En France même, État unitaire entre tous, des mouvements se développent, après la Seconde Guerre mondiale, en faveur du régionalisme. Deux courants s’affirment, plus différents peut-être que vraiment contradictoires. Les uns ont en vue le regroupement des départements en une entité plus vaste à objectif essentiellement économique, les autres, une décentralisation administrative comportant, d’une part, un transfert de certaines attributions administratives du gouvernement aux collectivités locales et, d’autre part, la constitution de nouvelles collectivités : municipalités de canton, régions, etc. Les deux objectifs pourraient éventuellement se rencontrer si des divergences de principe, dépassant le cadre national, ne se manifestaient pas entre certains auteurs des projets nouveaux ; c’est ainsi par exemple qu’aux partisans d’un État unitaire décentralisé, membre d’une confédération européenne élargie, s’opposent, notamment, les partisans de provinces jouissant d’une large autonomie administrative et culturelle au sein d’une fédération de l’Europe occidentale, système aboutissant pratiquement tôt ou tard à la disparition des États nationaux actuels.

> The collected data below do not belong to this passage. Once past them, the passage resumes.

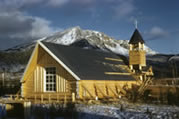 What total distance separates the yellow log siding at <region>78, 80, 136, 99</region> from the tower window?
8.87 feet

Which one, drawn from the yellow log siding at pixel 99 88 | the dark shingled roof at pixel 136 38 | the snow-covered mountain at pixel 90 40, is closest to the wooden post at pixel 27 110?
the yellow log siding at pixel 99 88

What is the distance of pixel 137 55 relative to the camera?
30.9 m

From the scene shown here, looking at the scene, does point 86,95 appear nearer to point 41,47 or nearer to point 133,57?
point 41,47

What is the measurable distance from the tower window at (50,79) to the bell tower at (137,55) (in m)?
10.3

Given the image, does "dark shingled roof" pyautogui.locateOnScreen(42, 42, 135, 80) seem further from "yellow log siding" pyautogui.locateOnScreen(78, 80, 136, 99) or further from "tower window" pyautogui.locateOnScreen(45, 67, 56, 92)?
"tower window" pyautogui.locateOnScreen(45, 67, 56, 92)

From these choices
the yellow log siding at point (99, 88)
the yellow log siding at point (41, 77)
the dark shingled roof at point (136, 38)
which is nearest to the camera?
the yellow log siding at point (99, 88)

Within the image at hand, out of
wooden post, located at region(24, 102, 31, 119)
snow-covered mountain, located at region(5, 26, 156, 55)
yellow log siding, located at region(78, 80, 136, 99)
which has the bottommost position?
Answer: wooden post, located at region(24, 102, 31, 119)

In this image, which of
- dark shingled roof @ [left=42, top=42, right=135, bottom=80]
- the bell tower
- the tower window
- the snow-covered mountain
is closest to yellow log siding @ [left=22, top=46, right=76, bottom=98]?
the tower window

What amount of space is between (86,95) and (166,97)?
240 inches

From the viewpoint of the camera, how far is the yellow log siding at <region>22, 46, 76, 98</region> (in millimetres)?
22328

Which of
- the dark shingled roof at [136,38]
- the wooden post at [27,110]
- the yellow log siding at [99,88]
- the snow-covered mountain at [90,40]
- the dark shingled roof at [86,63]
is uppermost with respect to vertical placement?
the snow-covered mountain at [90,40]

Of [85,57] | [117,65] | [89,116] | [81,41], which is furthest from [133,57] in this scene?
[81,41]

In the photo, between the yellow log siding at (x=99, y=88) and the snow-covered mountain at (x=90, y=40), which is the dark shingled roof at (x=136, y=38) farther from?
the snow-covered mountain at (x=90, y=40)

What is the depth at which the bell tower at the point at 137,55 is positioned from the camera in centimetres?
3078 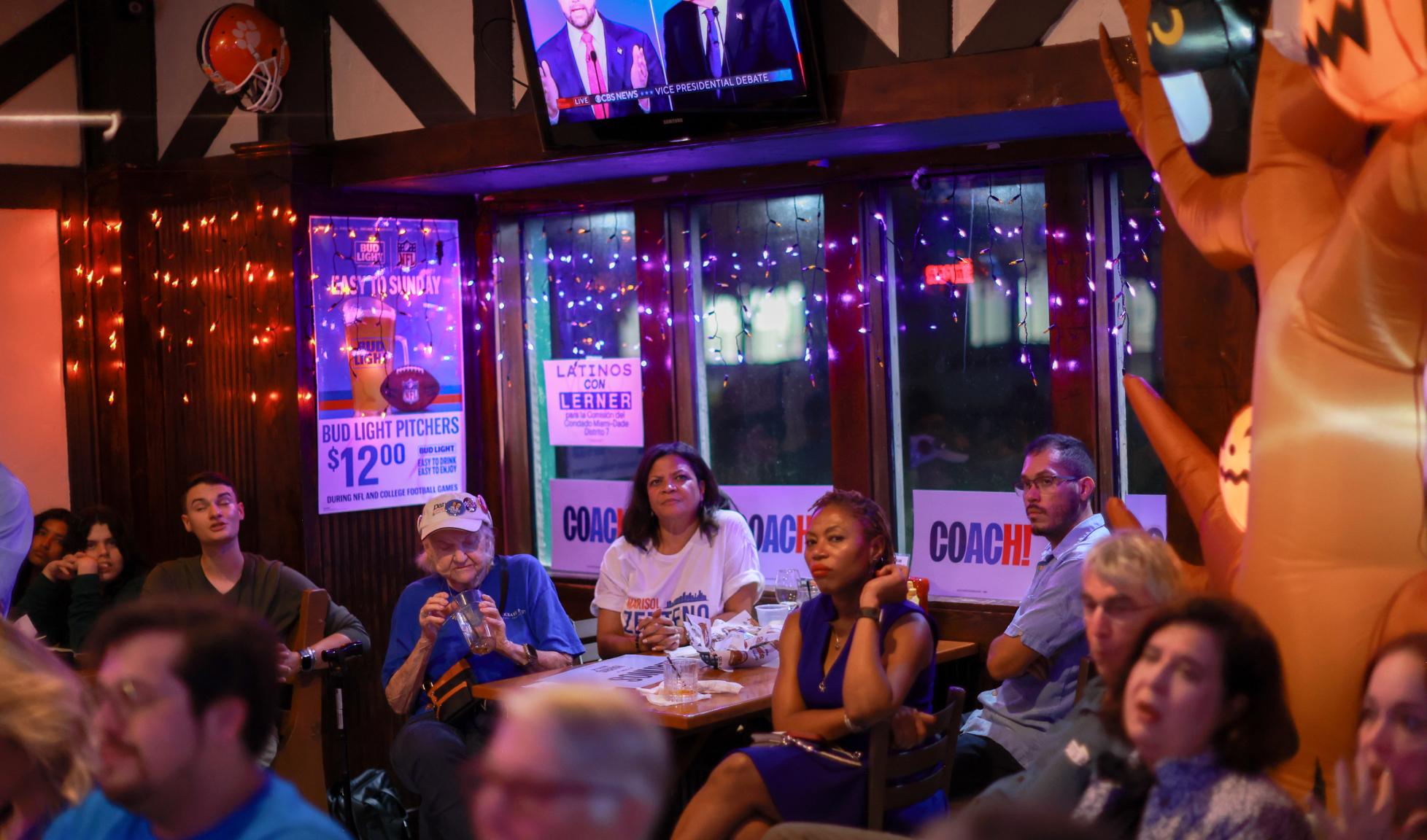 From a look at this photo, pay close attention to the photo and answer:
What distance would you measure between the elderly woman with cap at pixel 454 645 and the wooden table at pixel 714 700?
0.35ft

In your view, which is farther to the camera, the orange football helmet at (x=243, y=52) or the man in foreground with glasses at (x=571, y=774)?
the orange football helmet at (x=243, y=52)

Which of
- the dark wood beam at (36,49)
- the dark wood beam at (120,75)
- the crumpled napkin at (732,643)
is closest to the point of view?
the crumpled napkin at (732,643)

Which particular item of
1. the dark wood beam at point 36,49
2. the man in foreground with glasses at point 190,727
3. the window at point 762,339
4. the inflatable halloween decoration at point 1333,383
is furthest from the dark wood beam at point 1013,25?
the dark wood beam at point 36,49

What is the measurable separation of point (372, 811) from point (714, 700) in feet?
7.11

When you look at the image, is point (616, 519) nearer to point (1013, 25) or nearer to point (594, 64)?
point (594, 64)

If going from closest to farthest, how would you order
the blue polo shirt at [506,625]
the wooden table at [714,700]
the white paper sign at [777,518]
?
the wooden table at [714,700] < the blue polo shirt at [506,625] < the white paper sign at [777,518]

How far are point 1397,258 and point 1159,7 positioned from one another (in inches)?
36.9

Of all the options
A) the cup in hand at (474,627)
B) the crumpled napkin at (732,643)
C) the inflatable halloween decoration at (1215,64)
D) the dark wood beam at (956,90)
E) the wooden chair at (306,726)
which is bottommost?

Les divers types d’autonomie


Les États fédérés

Dans tout État fédéral, il a été nécessaire de partager la souveraineté de façon que les États fédérés puissent continuer de se gouverner eux-mêmes dans tous les domaines intéressant leur prospérité intérieure sans que cependant la nation entière, représentée par l’État fédéral, cesse de constituer un corps et de pourvoir à l’ensemble de ses besoins généraux. Lorsqu’un État fédéral est né de l’union de plusieurs États, « les pouvoirs que la Constitution délègue au gouvernement fédéral sont définis et en petit nombre. Ceux qui restent à la disposition des États particuliers sont au contraire indéfinis et en grand nombre » (le Fédéraliste). Dans la mesure où toute fédération ainsi constituée tend à une unification croissante, on assiste à un certain renversement des proportions, les pouvoirs des États étant progressivement grignotés par l’État fédéral.